Görünen o ki, 6’lı Masa, ilk anlarda Cumhur İttifakı tarafından çok da önemsenmedi, küçümsendi.

-Bunlar 6 benzemez. Tutmaz, olmaz!..

Bu anlamda “6 benzemez ile oynanan (poker) kumar masasına” göndermede bulunulmuştu sözüm ona!

Tayyip ve Devlet beylerin değerlendirmeleri pek de haksız sayılmazdı. Kökleri, kökenleri. Geçmişten gelen tabanları, programları farkları partilerdi gerçekten. Ancak onları masada buluşturan, 20 yıllık AKP iktidarı ve son 7-8 senesinde onu destekleyen,  MHP anlayışının ülkeyi getirdiği yerdi.

***

O “yeri” de özetleyelim:

-Her anlamda, ama özellikle yargı sisteminin tümden iktidarın denetimine sokulması, Anayasa Mahkemesi kararlarına karşı kimi mahkemelerin aldığı “yok hükmünde” kararları. 

-Temel hak ve özgürlüklerin yasa ve kararnamelerle tırpanlanması, Avrupa İnsan Hakları Mahkemesi kararlarının uygulanamaz hale getirilmesi.

-Halkın haber alma özgürlüğüne getirilen kısıtlamalar, Onu yerine getirmeye çalışan medya emekçilerinin soruşturmalara uğramaları ve hapse atılması ve nihayet sansür yasağı.

Bütün bunların alt başlıkları da vardır kuşkusuz ama en önemlisi;

-Ekonominin bozulması!.

 geniş halk kitlerinin tüm emekçilerin, esnafın, tüccarın, çiftçinin  yoksulluk sarmalına itilmesi,  enflasyonda son 30 yıl örneklerinde zirvelere ulaşılması…



‘Kumar masasına oturmam!’

6’lı Masayı dağıtma çabalarına gelince…

Önceden ve halen baş hedef Cumhuriyet Halk Partisi ve Genel Başkanı Kemal Kılıçdaroğlu. PKK ve terör destekçiliğine, inanılmaz ama FETO’cülüğe  varan suçlama ve iftiralar!. 

Hakkını teslim edelim, bu “zırvalar” karşısında hem partisini hem de yaratıcısı olduğu masayı “sağlam tuttu” Kılıçdaroğlu.

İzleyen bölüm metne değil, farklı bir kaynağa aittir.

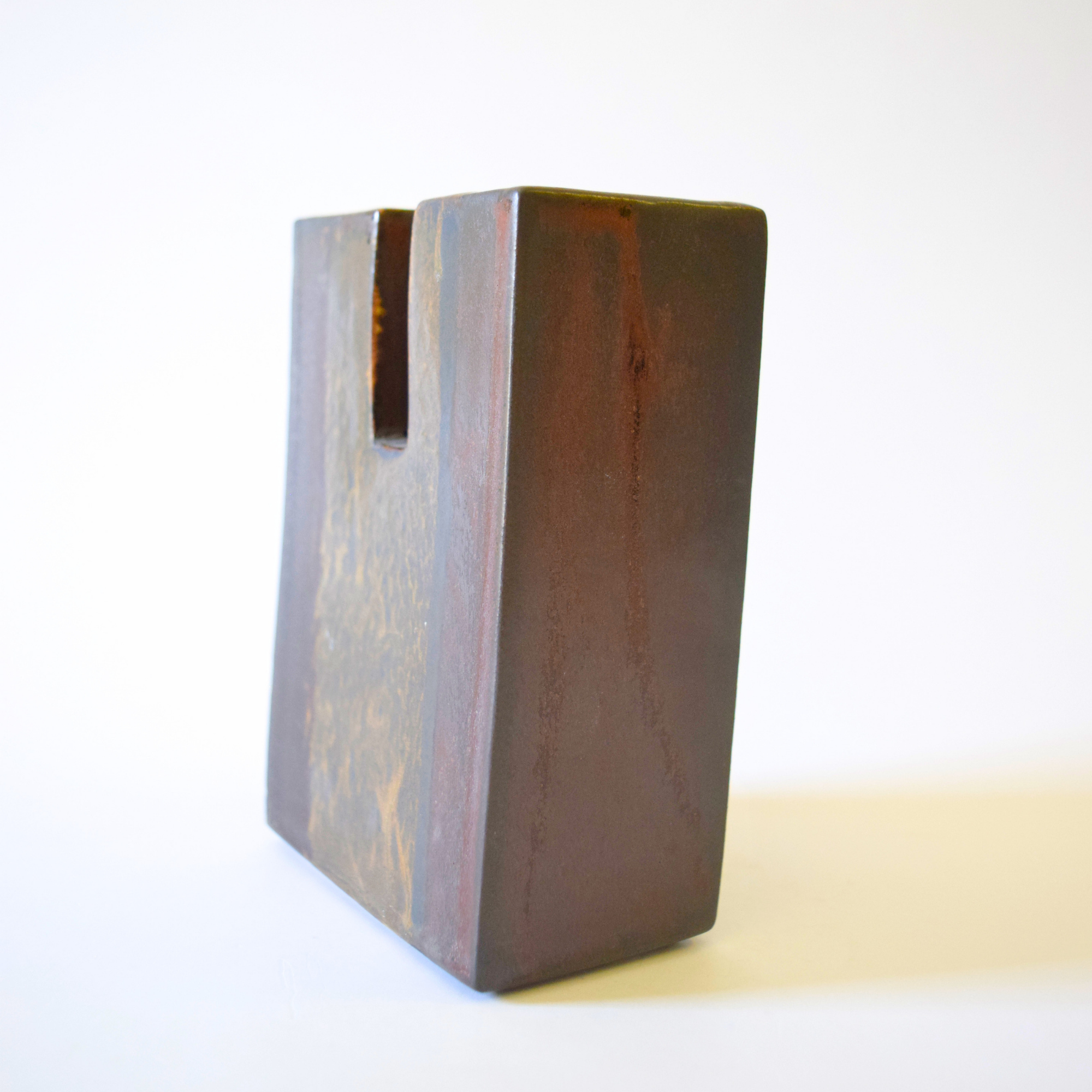 Griffin, Margaret - Geometric rectangular dual neck vase 03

İttifak’ın omurgasını oluşturan İYİ Parti Genel Başkanı Meral Akşener’de öyle…  Önce, ayrıldığı MHP’nin Genel Başkanı Devlet Bahçeli bir “tavsiyede” bulundu kendisine;

“-Bu işleri bırak, evine dön!”

Hangi evine, MHP’ye mi yoksa ev halkının yanına mı!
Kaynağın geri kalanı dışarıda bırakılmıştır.